Hackers Use Rare Stealth Techniques to Down Asian Military, Gov't Orgs

An ongoing campaign is using two largely unheralded stealth techniques to infect high-level organizations in southeast Asia.

The first, "GrimResource," is a new technique that allows attackers to execute arbitrary code in the Microsoft Management Console (MMC).

The second trick, "AppDomainManager Injection," uses malicious dynamic link libraries (DLLs), but in a way that's easier than traditional sideloading. It's been around for seven years, used by threat actors from Iran, China, the broader open source community, pen testers, and others. Still, it's rarely seen in malicious campaigns in the wild.

Since July, say NTT researchers in a new blog post, an attacker with similarities to China's APT41 has been using these techniques in combination to drop Cobalt Strike onto IT systems belonging to Taiwanese government agencies, the Philippine military, and energy organizations in Vietnam.

How GrimResource Works

Attacks as part of this campaign begin with a ZIP file, contained in a phishing email or malicious website.

The ZIP contains a file with a Windows certificate or PDF icon. In fact, it is a management saved console (MSC) file, a type of file used to save configurations and settings within the MMC.

MSCs have been growing in popularity lately among threat actors. As Jake King, head of threat and security intelligence at Elastic explains, it began when Microsoft released a number of changes to default controls that were available to execute payloads from emails. "We started to see low-hanging fruit exploitations using MSIs, ISOs, and LNK files. But more advanced groups started to take advantage of MSC as that initial vector," he says.

"It's a pretty interesting, capable file format, [and] it had drawn less attention than many of the more common file formats that were commonly being abused," he adds, noting, "MMC has a number of persistence mechanisms you can kind of take advantage of — some old vulnerabilities."

One technique for exploiting just such a vulnerability is GrimResource, first discovered by Elastic in July. GrimResource takes advantage of a six-year-old cross site scripting (XSS) issue in Windows' Authentication Protocol Domain Support (APDS) library to enable arbitrary code execution in MMC. In this campaign, the attackers use it to eliminate a step in the infection process: Rather than having a victim click a malicious link in the MSC file, simply opening the MSC file will trigger embedded Javascript.

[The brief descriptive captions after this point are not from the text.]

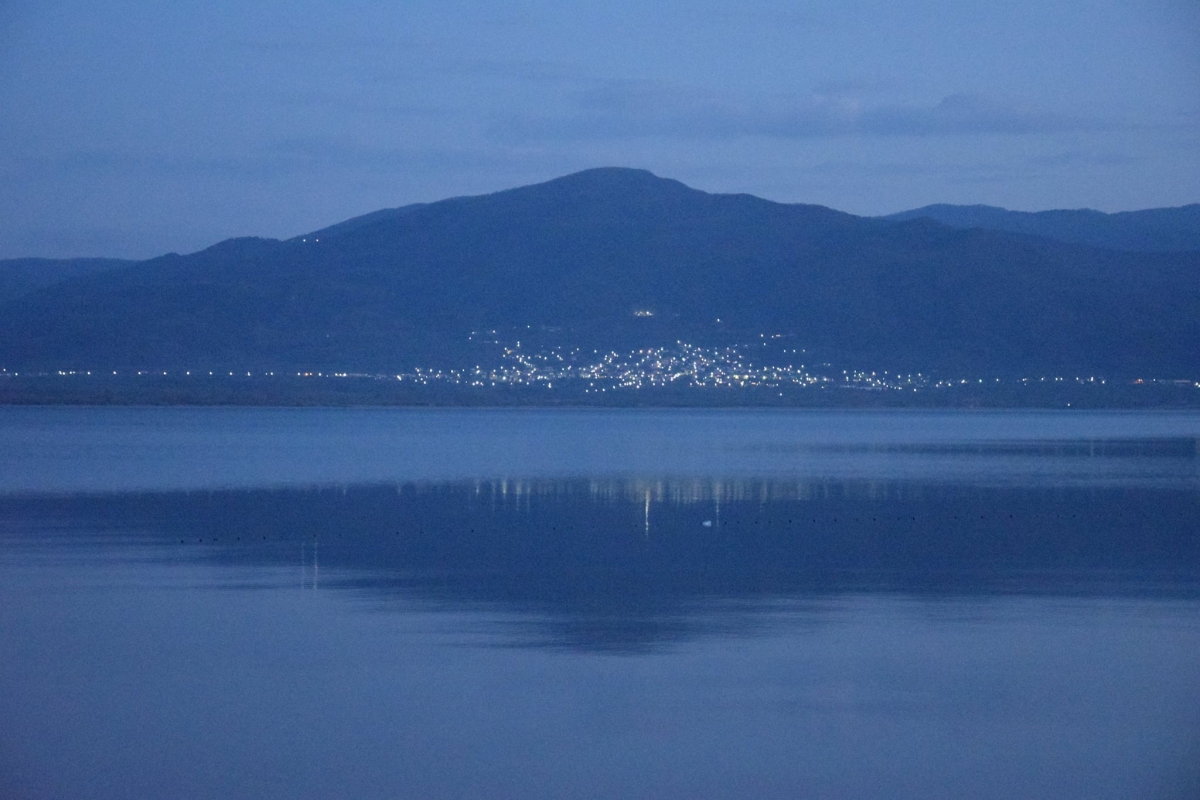 trichonida under moonlight images 03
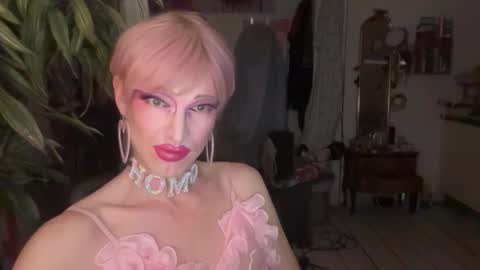 pinkfag online show from 02.19.26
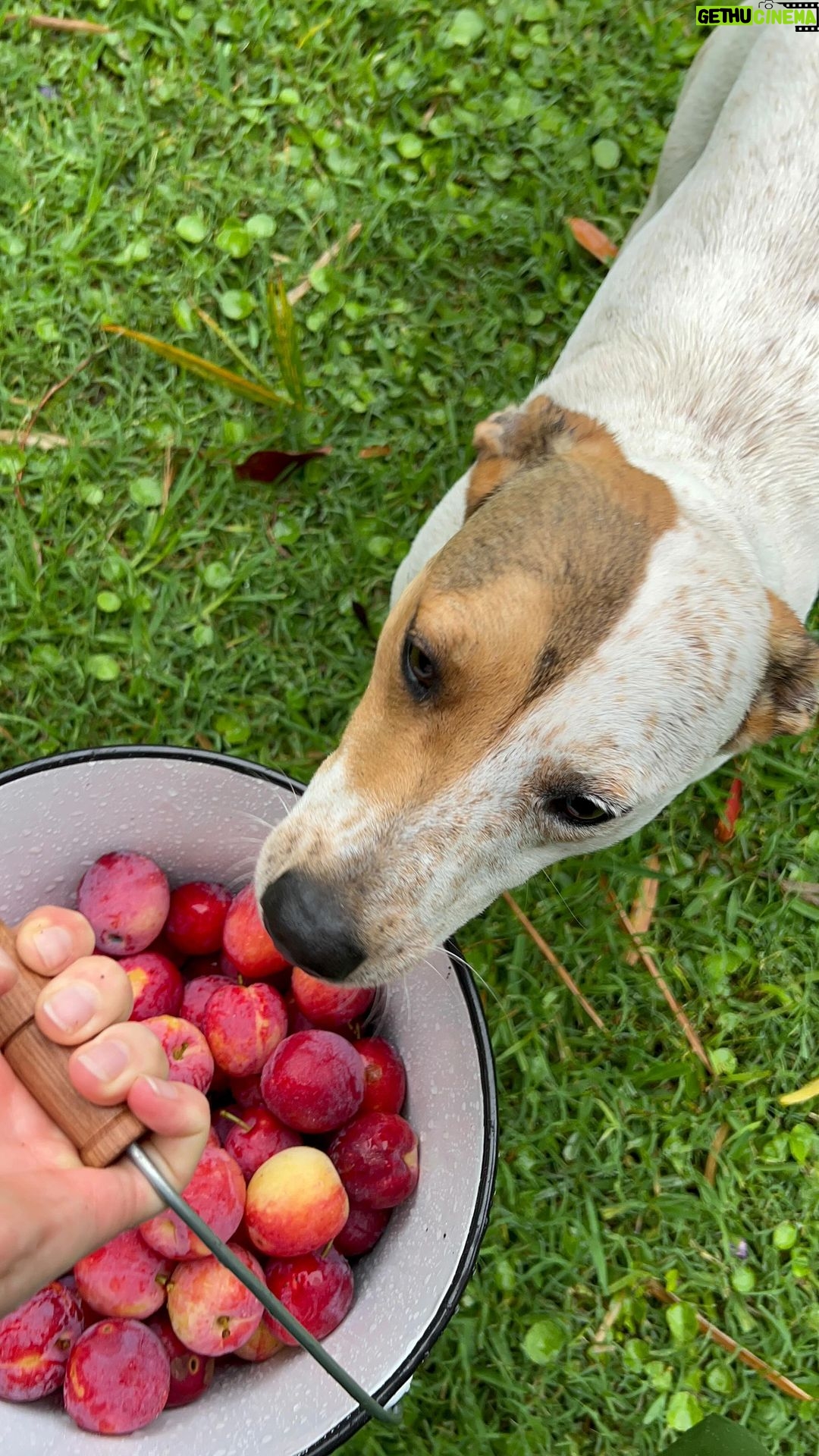 Natalia Oreiro Instagram - Hacemos mermelada de ciruelas Coca?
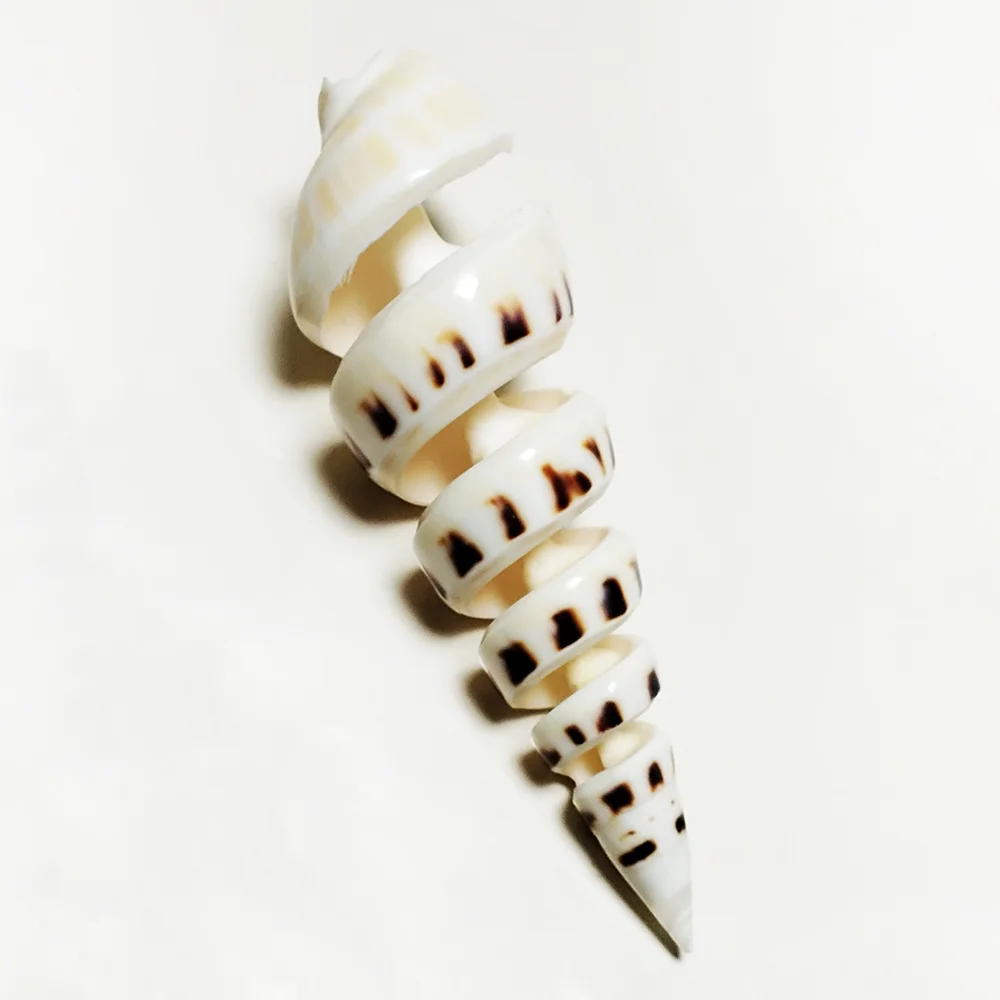 Conch Shell Decoration 15cm Big Terebra Shell Genuine Bamboo Ladder-shaped Seashells Ocean Conch for Home Wedding Furnishing Pieces Gifts DIY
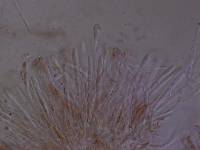 Geoglossum berteroi image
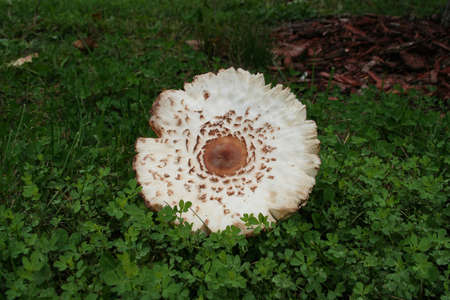 Picture is taken close up of a mushroom I found in a green yard while walking the dog.の写真素材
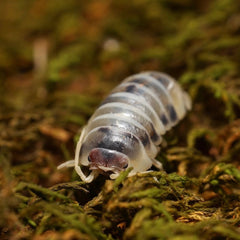 Armadillidium flavoscutatum "Coffee Mate"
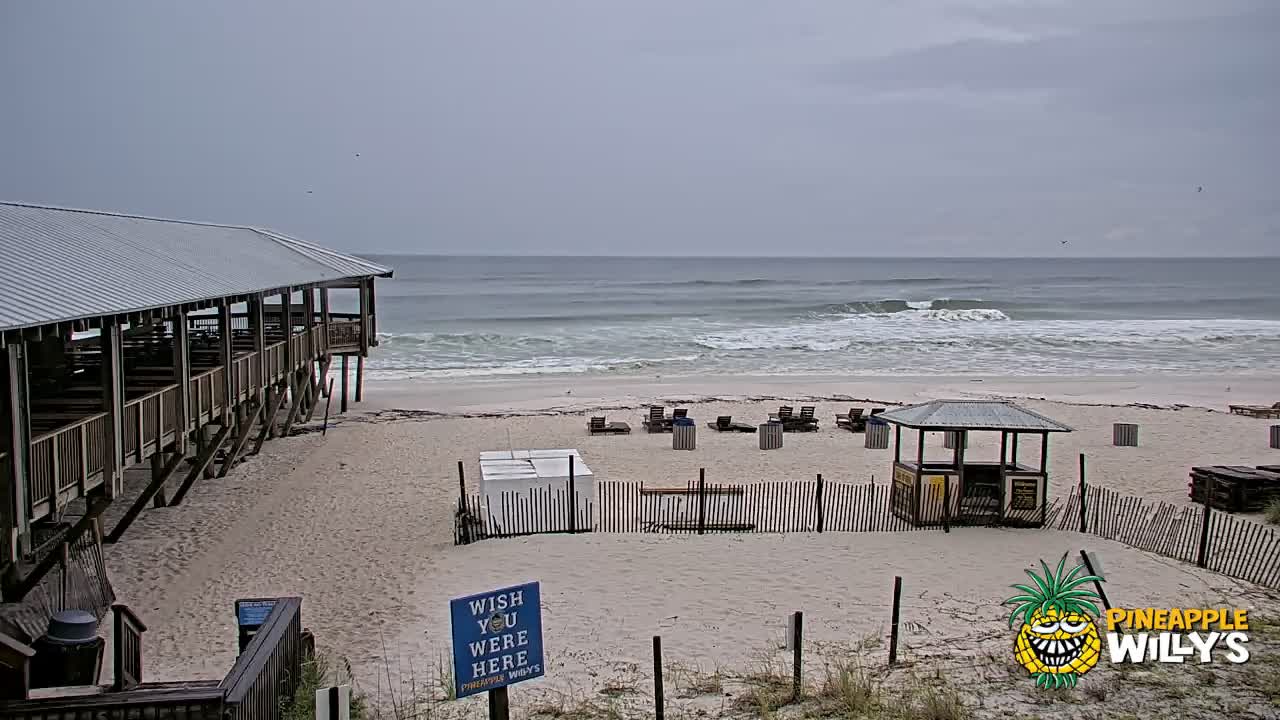 Pineapple Willy's Restaurant PCB Beach Cam Fred (2021)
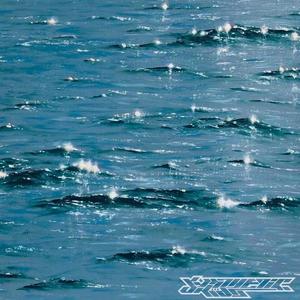 benji passed out at the function (feat. Hxpeless) (Explicit)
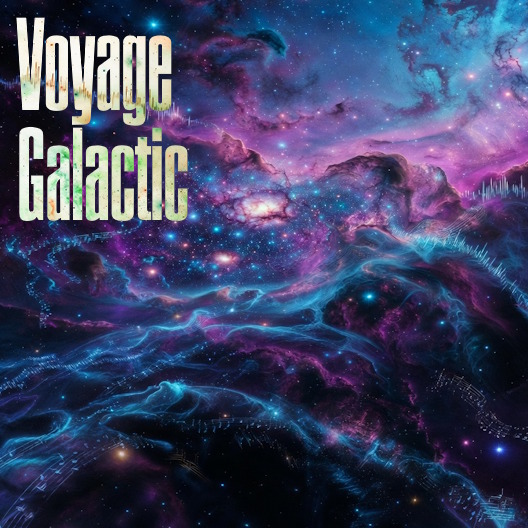 Pochette de Voyage Galactic
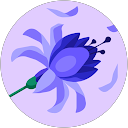 Benedetta Zancla profile picture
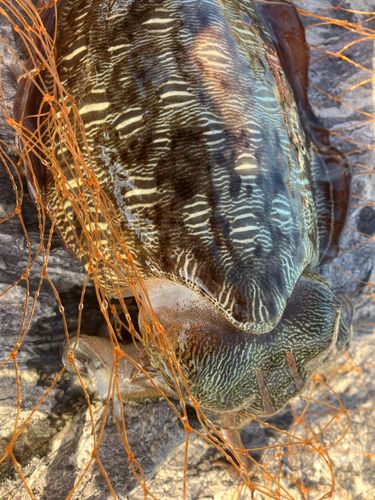 モンゴウイカの釣果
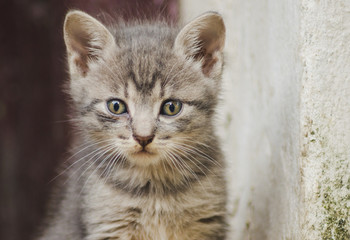 Portrait of a cute kitten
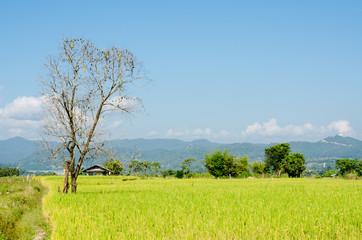 natural landscape of rice field, farmland in Thailand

The malicious Javascript then downloads and runs a legitimate, signed Microsoft executable — "dfsvc.exe" — renamed to "oncesvc.exe." But if the file is perfectly honest, how can it be used to download malware?

Activating AppDomainManager Injection

All applications built with Microsoft's .NET framework run one or multiple application domains, created and managed by the "AppDomainManager" class. In AppDomainManager injection, an attacker creates an AppDomainManager class with malicious code, then dupes a targeted application into loading it instead of the legitimate one. This can be done by configuring three particular environment variables (APPDOMAIN_MANAGER_ASM, APPDOMAIN_MANAGER_TYPE, and COMPLUS_VERSION) or, as is the case in this campaign, uploading a custom configuration file that simply directs the app to run their malicious AppDomainManager.

"You're effectively telling the Common Language Runtime (CLR) — the piece of the Windows operating system that tells the operating system how to load and handle .NET applications — to include a malicious DLL anytime you run a .NET process," explains Nicholas Spagnola, lead security consultant for penetration testing at Rapid7. "It effectively allows you to turn almost any .NET application into a living-off-the-land binary," or lolbin.

"Currently, DLL side-loading is the most common method of executing malware," the NTT researchers wrote, "but AppDomainManager Injection is much easier than DLL side-loading, and there are concerns that exploitation may increase in the future."

Because it can be so difficult to spot these kinds of malicious injections, King recommends an approach to defense that blocks such attacks before they can get rolling.

"The biggest thing that you're looking at here is being able to prevent the execution of the payloads in the first place," he says. In the case of this latest campaign, for example, "These are spear phishing attacks bringing in ZIP files. There are rudimentary controls that you can put in place at the MMC level, but [prevention] really just boils down to great practices around email hygiene."